We were in a shopping centre and I spotted a rack of kids clothes going out cheap, so cheap. Grabbed her arm, raced across and we picked up an armful of good stuff for them and I paid the equivalent of a good lunch+coffee+cake for the lot. She hadn’t even seen the shop. She didn’t keep her eye out for sales or bargains because she had no money for them anyway. It was all week to week, dollar by scrimping dollar. It’s tunnel vision. It’s soul destroying.
I once offered her a bit of extra money – she looked after my kids – because I’d got some back pay so I thought she should share in this bonanza. Her response was that she didn’t need it, there were no bills outstanding. So I had to spell it for her. This was her chance to get something for herself, some shoes or new bras or stock up on undies or get a haircut – not just to get up to date with the phone bill or feed the kids some steak for a change. She “hadn’t thought of that”.
>>>The obnoxious flip side is the idea that rich people are rich because they’re so damn good at managing money and so the kids of millionaires become millionaires because their parents taught them to manage money, not because of trust funds and nepotism, and if millionaires suddenly lost all their money they’d be better at being poor than all those stupid poor people and they’d gain it back because of their amazing money-management skills.

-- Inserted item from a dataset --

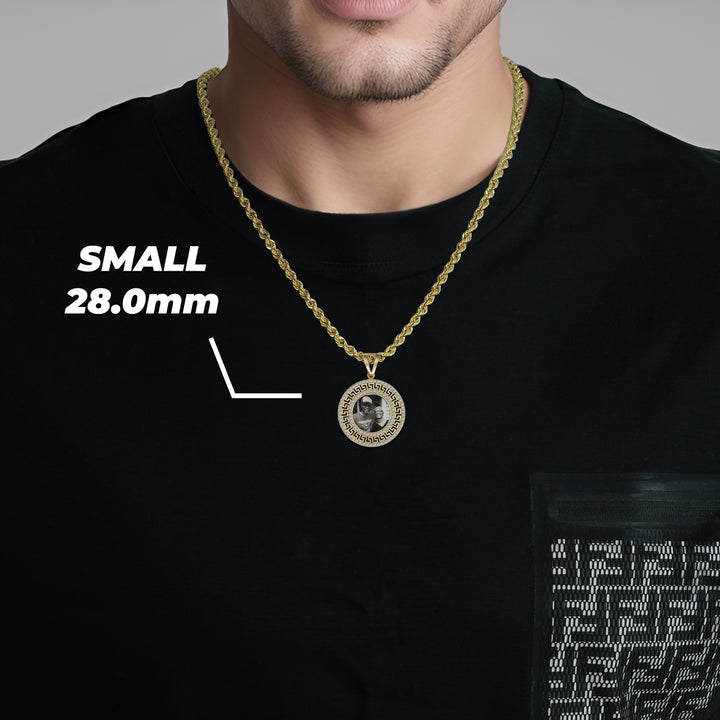 10k Gold Memorial Picture Fancy Greek Key CZ Round Pendant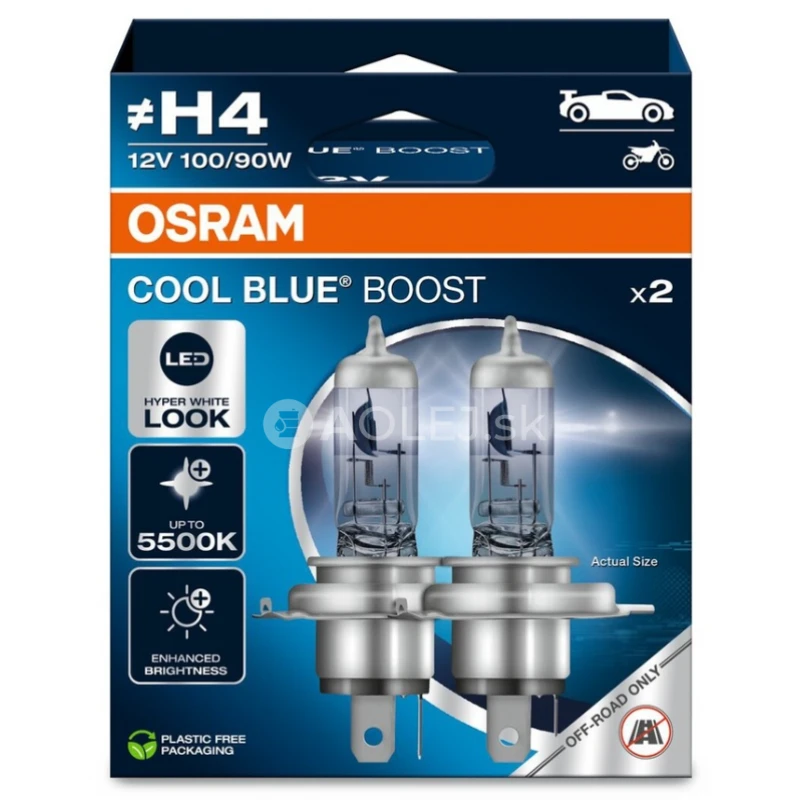 Osram H4 12V 100/90W P43t Cool Blue Boost 2ks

That’s awesome. So let’s take all the trust fund kiddies and take their money and give it to poor children, and have the trust fund kids live in squalor for a few years. The poor children will at least get a few years of joy out of it before they splurge it all away and the rich kids will not get any lasting damage from it since they’ll just make it all back anyway once they hit their teens or early twenties. Right?